My question is about the cartesian product. There are several definitions out there that do not seem to describe the same object, a cartesian product.

The most general definition according to wikipedia is this one: $$ \prod_{i \in I} A_i := \biggl\{ f: I \to \bigcup_{i \in I} A_i \;\bigg|\; \forall i \in I: f(i) \in A_i \biggr\}. $$

Let's apply it to $\{1,2\} \times \{1,2\} = \{1,2\}^2$ and let us use $I = \{a,b\}$ as the index set. Applying the definition gives us $$ \bigl\{ \{(a,1),(b,1)\}, \{(a,1),(b,2)\}, \{(a,2),(b,1)\}, \{(a,2),(b,2)\} \bigr\}. $$

Now let us look at another definition which is more popular: $$ \prod_{i=1}^n A_i = \bigl\{ (a_1, \dots, a_n) \;\big|\; a_i \in A_i \text{ for } i = 1, \dots, n\}. $$ In this case our example gives us $$ \bigl\{(1,1), (1,2), (2,1), (2,2) \bigr\}. $$

So for $\{1,2\}^2$ we get two different sets, depending on the definition we use.

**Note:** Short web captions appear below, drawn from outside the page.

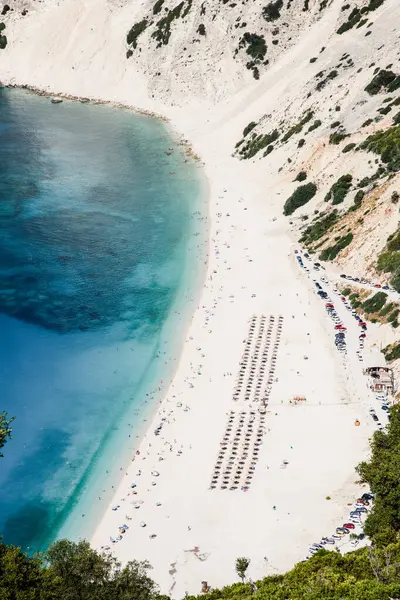 Kefonia Yunanistan Platia Ammos Plajı Güzel Plajlardan Biridir — Stok fotoğraf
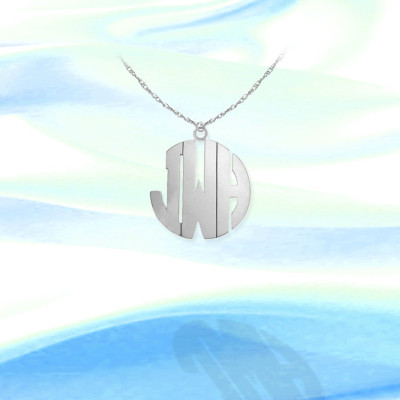 Monogram Necklace - 1/2 inch 18k White Gold - Handcrafted Personalized Monogram - Initial Necklace - Made in USA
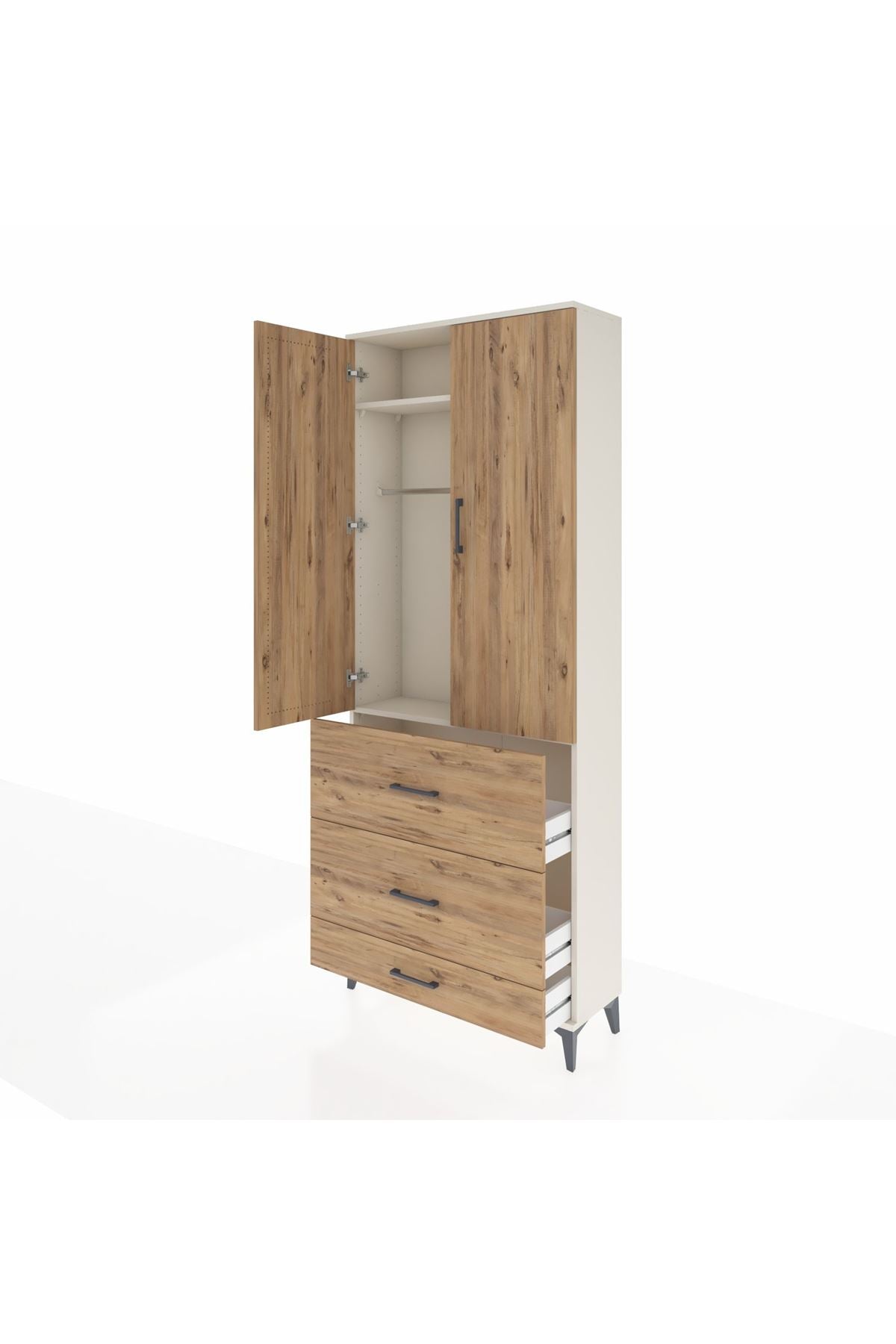 Arges Dolap 2 Raflı 3 Çekmeceli Tek Askılı 88x30x221 - S30M106V3A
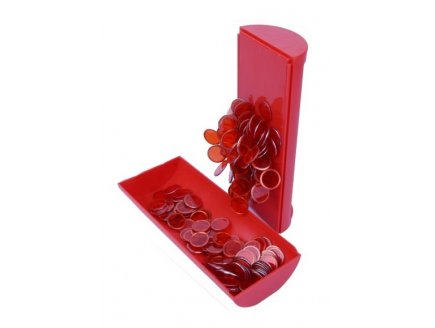 BOITE MAGNETIQUE ROUGE + 100 PIONS DE LOTO - RAMASSE JETONS & RANGEMENT - CARTALOTO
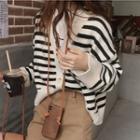 Long-sleeve V Neck Striped Knit Cardigan As Shown As Figure - One Size
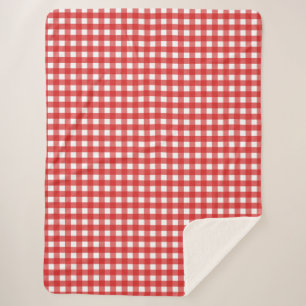 Couverture Sherpa Vichy rouge et blanc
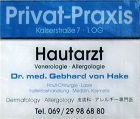 Logo Hautarzt : Dr. med. Gebhard von Hake, Hautarzt Dr. med. Gebhard von Hake, Privatpraxis für Hautkrankheiten, Allergologe, Frankfurt am Main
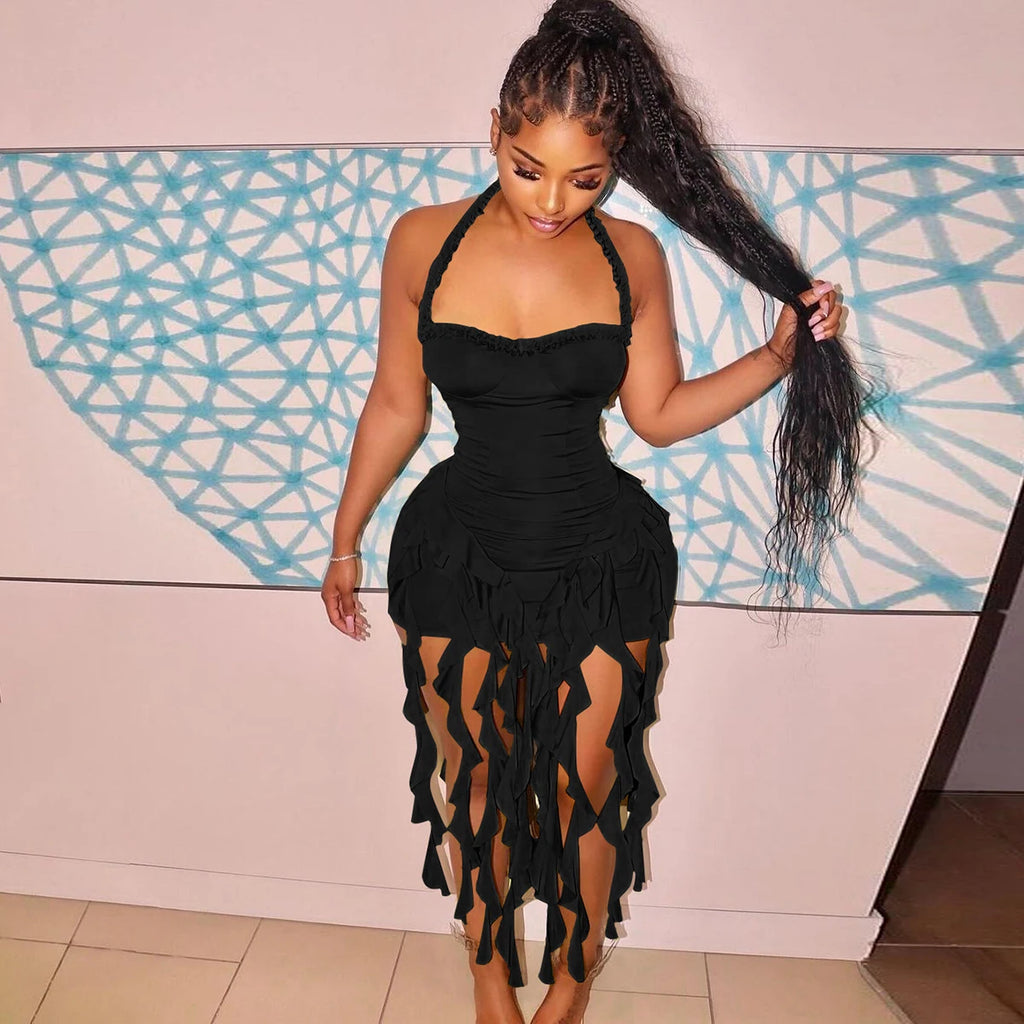 Elegant Halter Backless Ruffles Mini Dress Slim Fit With Tassel Detail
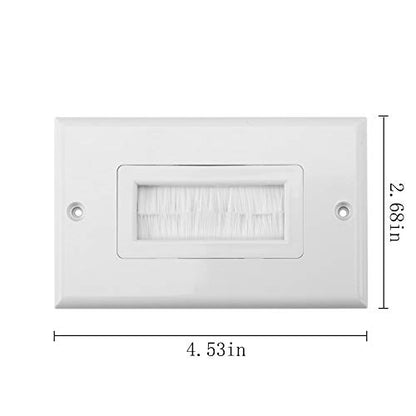 1pc Brush Wall Plate Multi-Function Single Port Cover Outlet Wall Mount Multimedia Panel White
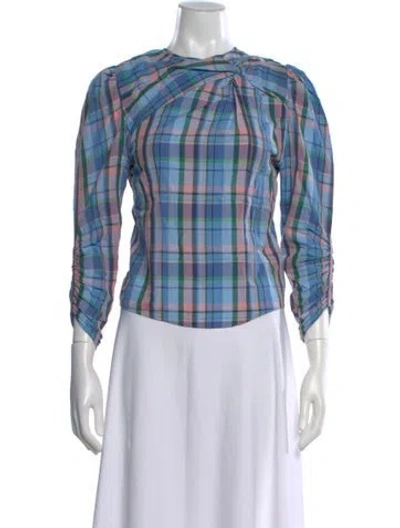 Pre-owned Isabel Marant Plaid Print Crew Neck Blouse In Blue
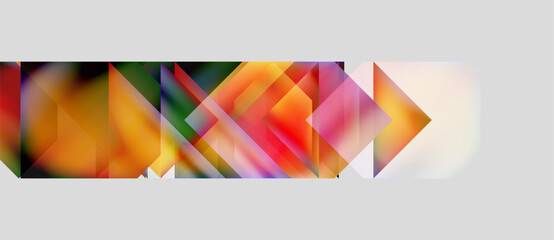 Naklejka premium Abstract geometric shapes overlap, creating vibrant color patterns. Warm tones dominate, fading into cooler hues. Composition suggests forward movement.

Why is that no problem? So what is the cartesian product of $\{1,2\}^2$? Maybe this is a general misunderstanding of me on how definitions work?

Answer 1

Aside: There is actually a further issue: we define ordered pairs, usually via something like the Kuratowski definition, $$(a,b) = \{\{a\},\{a,b\}\}$$ or some other similar construction. But what is an ordered $n$-tuple like $(a_1,\ldots,a_n)$? The most common definition is that it is a function with domain $\{1,\ldots,n\}$ and where $a_i=f(a_i)$, so that we get back to functions, and you would then need to decide whether you are talking about "ordered pairs" in their "original" meaning, or as "ordered $2$-tuples", which would be different constructions... So for example, it is entirely possible that your second example should "really" consist of ordered $2$-tuples, so that when you write $(1,1)$, that really "means" $\{(1,1),(2,1)\}$, where the first $(1,1)$ is an "ordered $2$-tuple" and the elements in the set $\{(1,1),(2,1)\}$ are "ordered pairs"...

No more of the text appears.